Exercise:
Give an exact reproduction of the lines from the one with "recul 📱 Bluetooth" to the final line of the entries below, both ends included, and omit the pictures.

[Opening Material shown section]

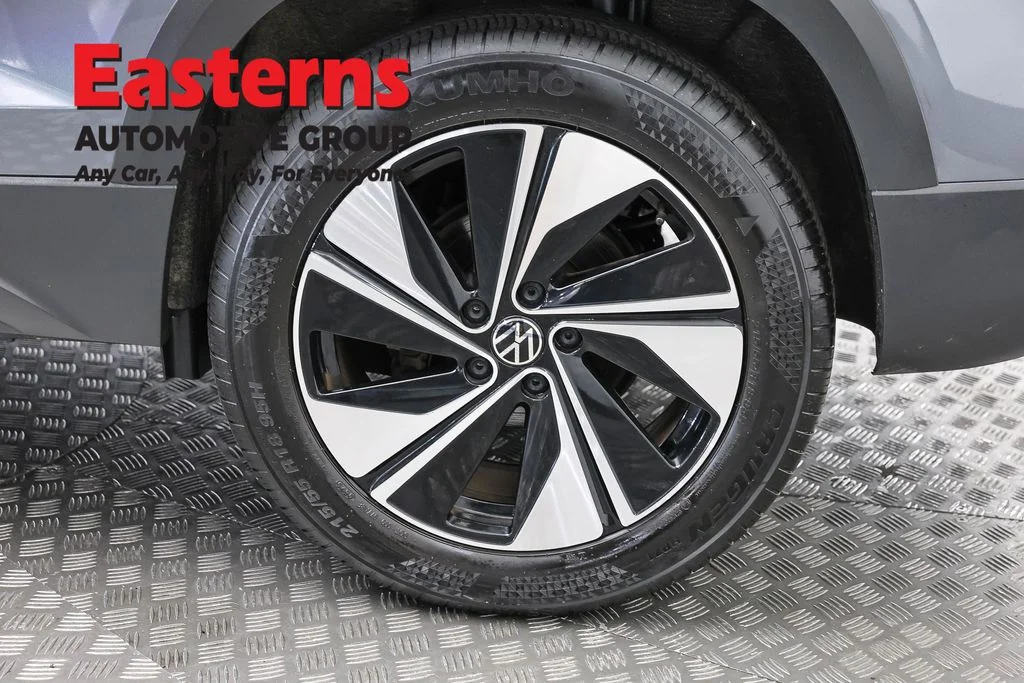 Used 2025 Gray Volkswagen 1.5T SE image 32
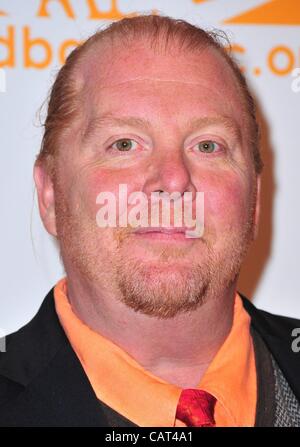 Arrivées à Mario Batali pour banque alimentaire pour New York Prix Can-Do, Restaurant Cipriani Wall Street, New York, NY Le 17 avril 2012. Photo par : Gregorio T. Binuya/Everett Collection Banque D'Images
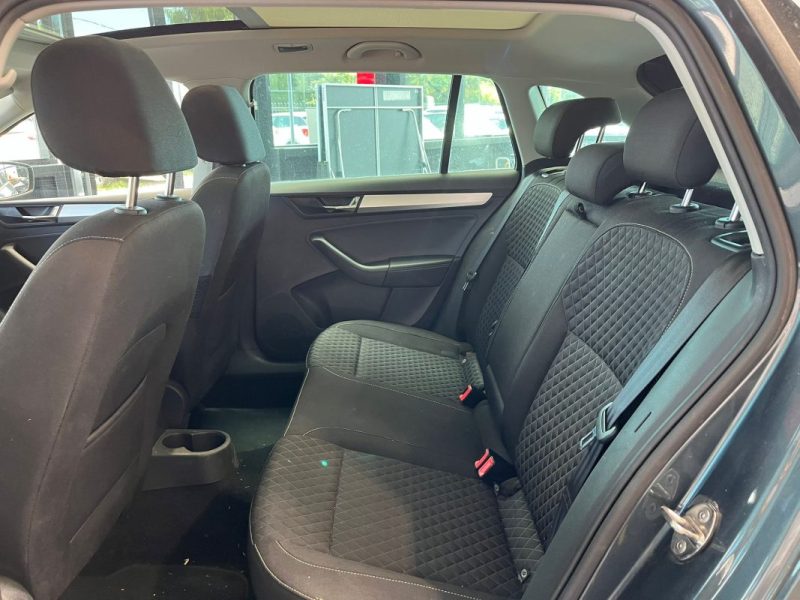🚗 SKODA RAPID SPACEBACK 1.0 TSI 110ch ⚙️ DRIVE ☀️ Toit panoramique 📷 Caméra de recul 📱 Bluetooth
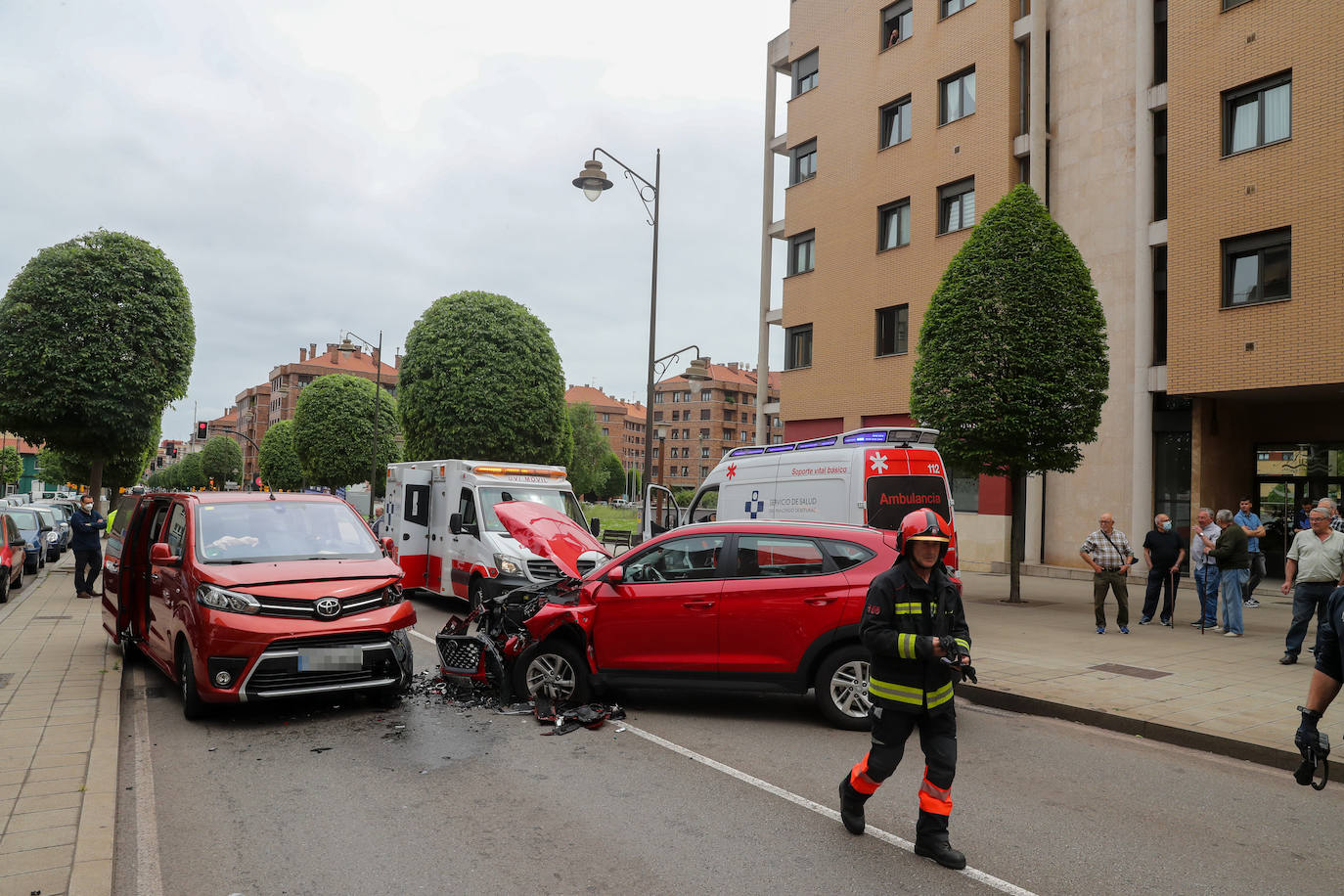 Un choque frontal entre dos vehículos deja dos heridos en La Calzada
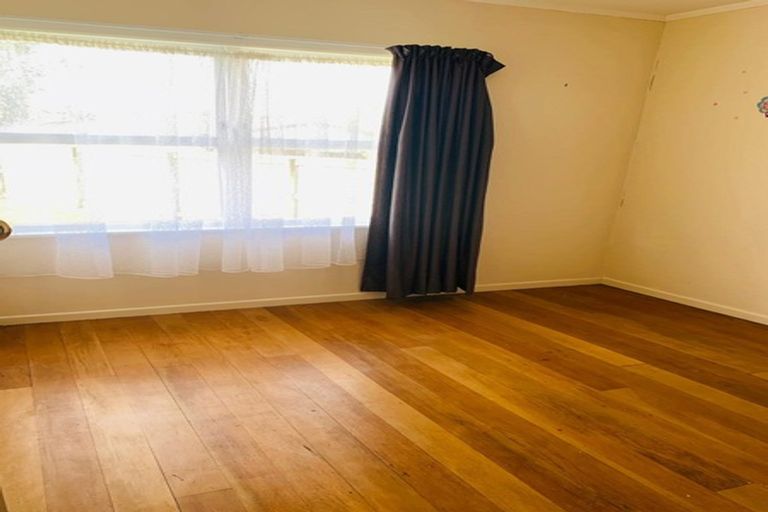 Photo of property in 14 Cargill Street, Papakura, 2110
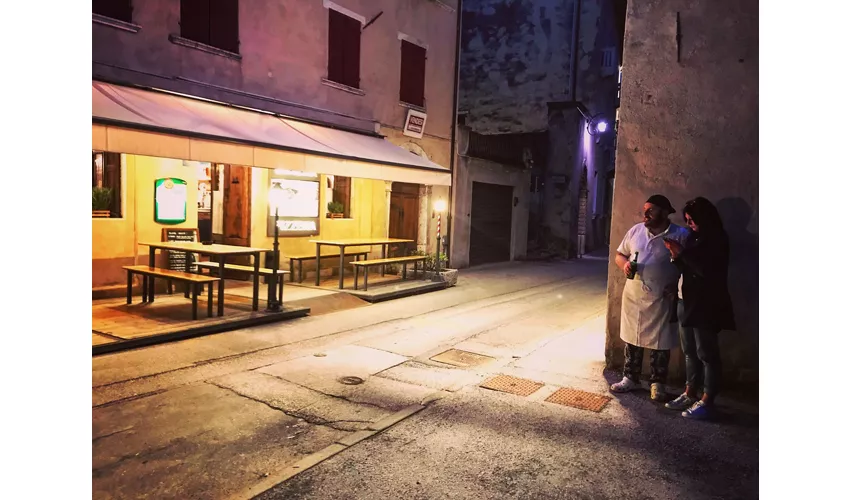 Pizzeria "La Taverna Da Eliseo"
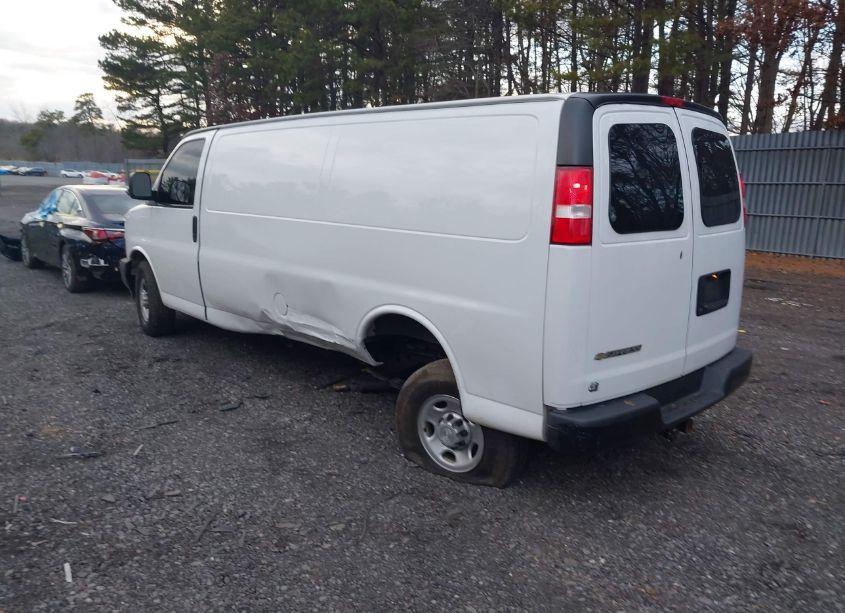 Photo 3 of 2019 Chevrolet Express 3500 WORK VAN (VIN 1GCZGHFG7K1311377)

[Closing Material shown section]

Response area:
🚗 SKODA RAPID SPACEBACK 1.0 TSI 110ch ⚙️ DRIVE ☀️ Toit panoramique 📷 Caméra de recul 📱 Bluetooth
 Un choque frontal entre dos vehículos deja dos heridos en La Calzada
 Photo of property in 14 Cargill Street, Papakura, 2110
 Pizzeria "La Taverna Da Eliseo"
 Photo 3 of 2019 Chevrolet Express 3500 WORK VAN (VIN 1GCZGHFG7K1311377)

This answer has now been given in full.